Multiprocessing is Parallel.

In Java, although it runs on only a single JVM process, but it can create multiple threads across multiple CPU cores (from Java 7 onwards).

Scheduling 4 tasks on 2 CPUs, each CPU schedules 2 tasks in 2 different threads. Task 1 and 2 are executed concurrently similarly Task 3 and 4 are executed concurrently whereas Task 1 and 3 or 1 and 4 or 2 and 3 or 2 and 4 are executed parallely.

In Java, multiple threads can be created across multiple cores but not in Python due to the Global Interpreter Lock. Thus in Java multi-threading is more useful as it executes tasks in parallel similar to multiprocessing but all threads shares the same memory address and has lower overhead of creating and destroying threads as compared to a process but in Python multiprocessing is more useful if we want to leverage parallel programming.

But if we have more threads than number of CPU cores, JVM will run some of them concurrently instead of in parallel.

The 2 important differences b/w Thread and a Process are:

Threads share the same address space in memory whereas Processes have individual address spaces. Thus memory consumption is more in multiprocessing as each process duplicates the objects in its own address space.
Multithreading is good for I/O bound tasks such as reading files from disk, downloading from internet etc. whereas multiprocessing is good for CPU bound tasks such as sorting, searching etc.

While saying point 2 above I do not mean that multiprocessing cannot be used to read files or multithreading cannot be used to sort numbers.

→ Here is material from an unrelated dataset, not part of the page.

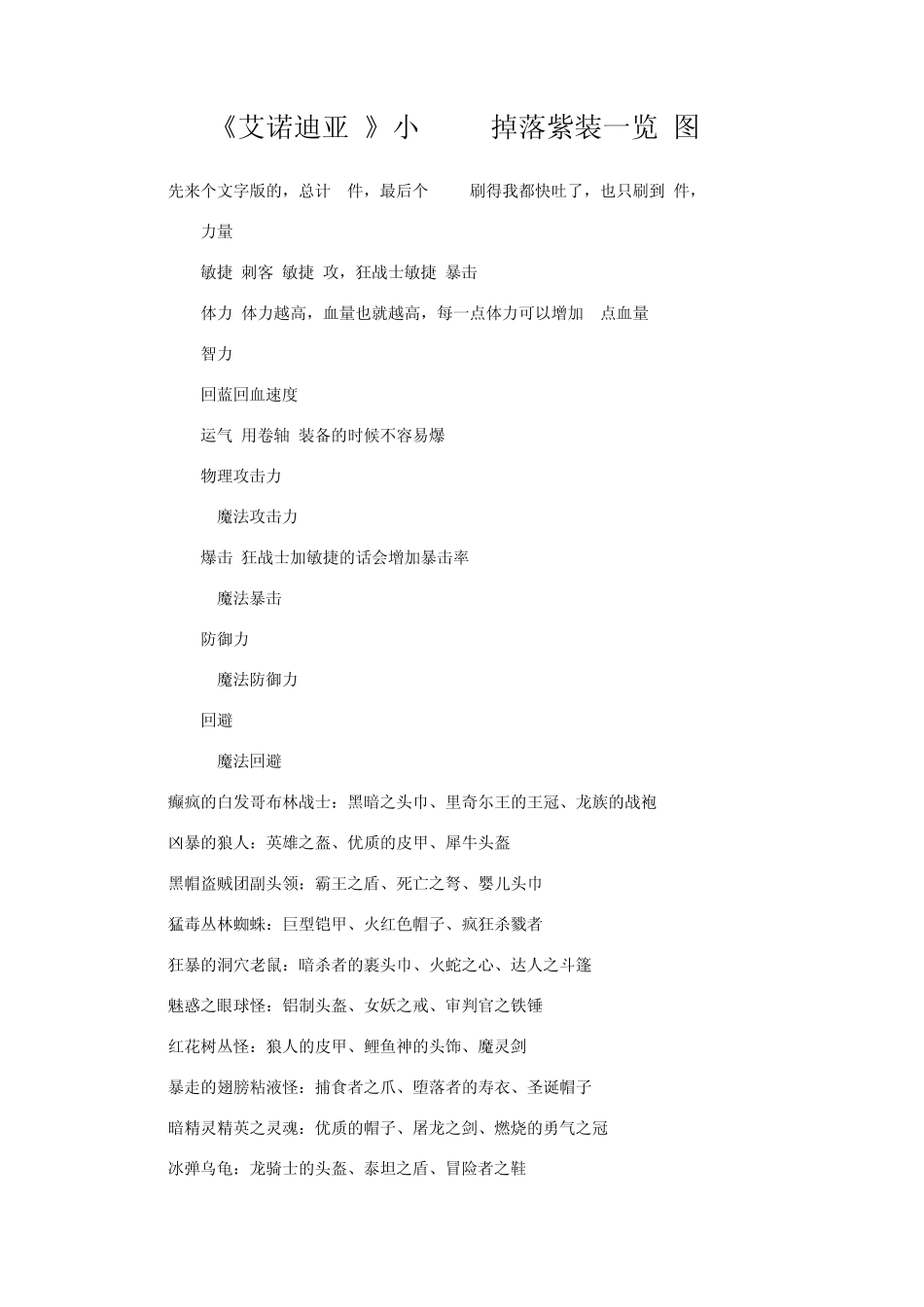 艾诺迪亚4小BOSS掉落紫装一览表(附高清图)_第1页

In reading files from disk, the CPU will be sitting idle during the time when a file is being read, with multiple threads, another thread can start reading another file while one is still reading. The same can be achieved with multiprocessing but instead we will have separate processes reading different files. Since most of the time goes into waiting for file read to complete thus using threads serves the same purpose as processes.
For sorting numbers, a single CPU is mostly busy and thus having multiple threads do not makes sense as most likely the same thread will be active all the time and no other thread will have the opportunity to run till the time one thread is running.
In such cases running multiple processes on multiple CPU cores can improve speed as processes are running in parallel instead of concurrently.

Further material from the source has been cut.